Notre doukkalia nous faisait visiter des décors et des univers si familiers et si proches : El Jadida, Sidi Bouzid, TIT (Moulay Abdellah)…On ne s'en lassait plus. Et à mesure qu'elle nous en donnait, notre appétit s'aiguisait et on en voulait encore et encore. Quant à Mehdi, il était aux anges. Mais à travers ce jeu, l'auteure joue avec son lecteur pour mieux se déjouer de lui l'instant d'après. Elle le traine sur son terrain de prédilection, aux frontières du réel, des tabous, des interdits, des normes, des clichés et de tout ce dont notre société Arabo-musulmane se caractérise, pour tout faire exploser, tout tolérer, permettre ou remplacer et réinventer.
Maria pouvait tout dire, tout combattre, tout se permettre, sans crainte…., ce n'était qu'un moment d'évasion après tout… un rêve. Et lorsqu'elle jugea que nous avions suffisamment vu et admiré, elle prit soin de mettre fin à notre « hypnose » en nous ramenant tout en douceur sur la terre ferme. Notre subconscient se chargea de compléter la vision « « Mesdames et messieurs nous venons d'atterrir, veuillez détacher vos ceintures ».

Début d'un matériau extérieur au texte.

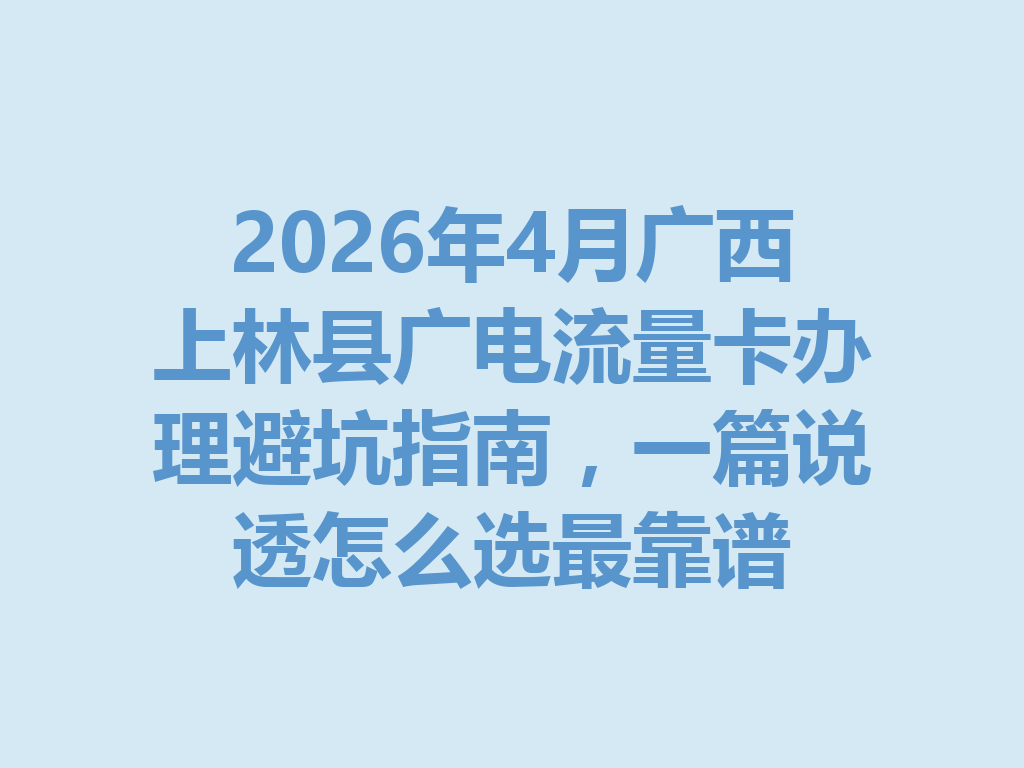 2026年4月广西上林县广电流量卡办理避坑指南，一篇说透怎么选最靠谱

C'est le moment qu'a choisi Mehdi pour lancer un cri strident. Sur le coup, je croyais qu'il avait fait un mauvais atterrissage, pardon rêve, mais il s'est avéré, un peu plus tard, que c'était tout simplement sa cigarette oubliée, entre ses doigts, qui l'avait brulé.
Blague (réelle) à part, cette chimiste de formation a su être inventive et apporter du neuf à notre littérature. Cette scientifique a jugé que tout n'était pas visible dans notre univers et que l'on se doit de faire appel à l'imaginaire. « Petite, on m'avait parlé des nombres entiers à l'école. Plus tard, ce qui était pour moi l'unique réalité, ne l'était plus, car on s'est mis à me parler des nombres décimaux. Et pour boucler la boucle, c'était plus tard les nombres complexes (une partie relève du réel et une autre de l'imaginaire) ». « On n'invente pas la science, mais le discours de dire la science » KHATIBI.
Voici par ailleurs son poème sur son mentor KHATIBI. Un poème où elle livre un émouvant hommage à celui qui l'a presque créée de toutes pièces : « Dans la nuit soucieuse De notre aimance Inachevable et inachevée Dans la nuit orageuse Plus haute que les marées C'est déjà le rêve ! Mêle-nous à toi Dans les eaux D'un miroir intemporel Entre fulgurance et éclat… »
Avec ses phrases mesurées et l'exactitude de ses termes, Maria était un éblouissement pour les sens et un rayon de soleil. Un rêve ? Non. Maria Zaki était une pure réalité. Son talent ne tardera pas à éclater tel un feu d'artifice, libre de ses mouvements, fier de sa beauté, ivre de bonheur… à la conquête de l'autre… à la conquête de l'univers. Merci et Bravo à Maria, aux Amis du Café Littéraire « El Jadida-Mazagao » pour cette Magnifique évasion.